Every sector in Nigeria is undergoing some form of crisis or another; in fact, crisis or chaos has become the norm. For more than half of Nigeria's population, the current state of affairs is the rule and dysfunctionality is customary rather than transient. Many young Nigerians, now see dishonesty, disloyalty, theft, mannerlessness and greed as virtues and assets rather than vices because all they have seen in the past years, all they have ever known, has been the opposite of what is supposed to be the virtues of leadership.

One doesn't get to the top by being honest or hard working in Nigeria, no matter what many celebrities or entrepreneurs will tell you as they celebrate their victory over haters and setbacks that tried to hold them back. These would-be setbacks are simply all those who would dare challenge their supposed right to act with impunity; the haters in this scenario are the rule of law and social justice which they believe they are entitled to thwart, therefore ensuring their social media ready success. I wish more young Nigerians start to realise just how much of the flashy displays on social media are derived from the proceeds of fraud and corruption, deprives others from any opportunity of achieving their dreams.

Interestingly, many young Nigerians do know that the many cars, jewelry and foreign trips advertised by some of our infamous leaders result from corruption. Many know and simply cannot wait till it is their turn to defraud the state and their fellow poor, struggling youth.

Defense of corruption and backwardness
There are two categories of youths in Nigerians, the pessimistic and the I-must-join-them-by-force. The latter is compelled by the lavish lifestyles of the politically connected and would sell its soul as well as sell out an entire misery stricken generation to belong to the class of those who can take advantage of others, lie, cheat and be applauded for doing so. The former category believes in nothing beyond its immediate needs and survival. While its counterparts dream big and start businesses using technology and other freely available tools, the Nigerian youth has accepted that he has been betrayed by too many generations and has given up the fight. Both groups have the wrong sort of role models.

Even at home they have been betrayed by parents who tell them to get smart and do what their neighbours do, cheat during exams, commit all manner of fraud in order to live a false life sanctified by some leaders in prosperity driven churches. Nigeria is a failed cause we have failed because these days there is virtually no difference between the hopeless and the I-must-join-them-by-force. Both have merged into a deadly, soulless underclass.

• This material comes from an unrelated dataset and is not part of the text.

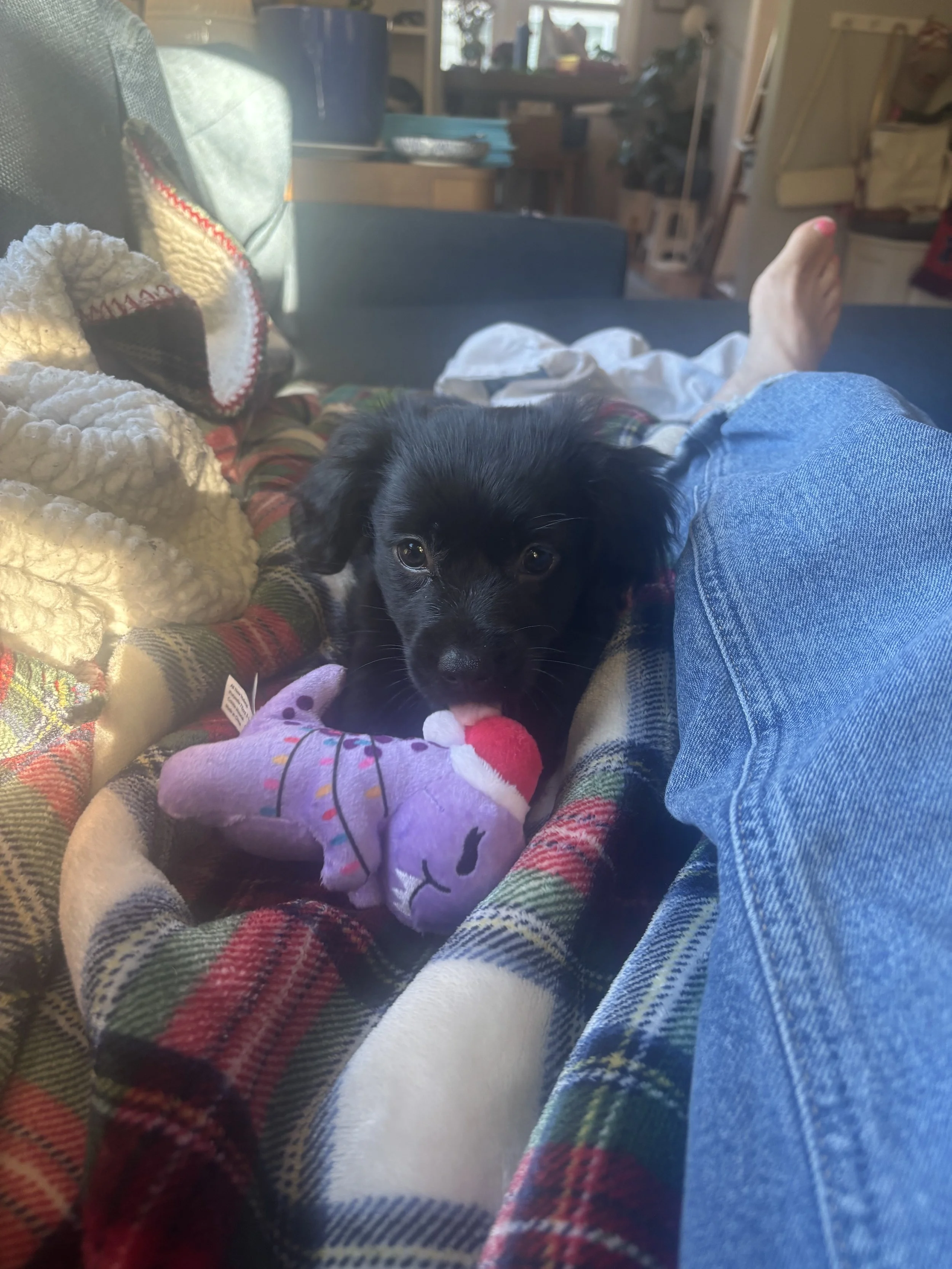 Lucy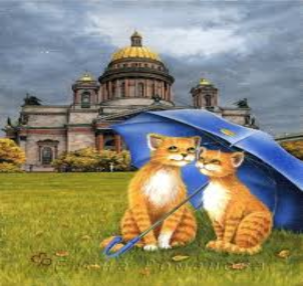 Питерские коты Румянцева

With just N100 worth of data, Nigerian youths wage war against each other online, in defense of corruption and backwardness because our social contract today predicates that support for the illogical ensures that one day, when one decides to steal there will be other legions of desperate individuals ready to defend or make excuses for them. The greatest tragedy isn't the many uneducated who don't have access to social media, to cheap, easy communication or any means to express themselves for lack of interest or finances but in fact the many half-baked graduates who speak and act as if they had never been to any school in the first place. Nigerian youths are child patriots, many with the developmental age and analytical mind of people half their age in other parts of the world because they have been robbed of a good education. We should all be ashamed.

As for those in the diaspora who come back to Nigeria and find they cannot cope because nothing here seems to make sense, it is nothing short of an existential crisis. Every Nigerian suffers in some way or another from Post-Traumatic Stress Disorder, PTSD. We are all veterans at calculating outcomes and managing the worst situations, walking on a tight rope, lightly, steadily to our doom. This generation needs to do some serious soul-searching. For many aged, tired, defeated war veterans who succumbed, back when they were young to the temptations of life, or rather, the would-be necessities of survival in Nigeria, it might be too late. But for those who are just starting out in life and who have neither the wits nor the influence to secure jobs, contracts or a future for themselves, it is time to think of something different.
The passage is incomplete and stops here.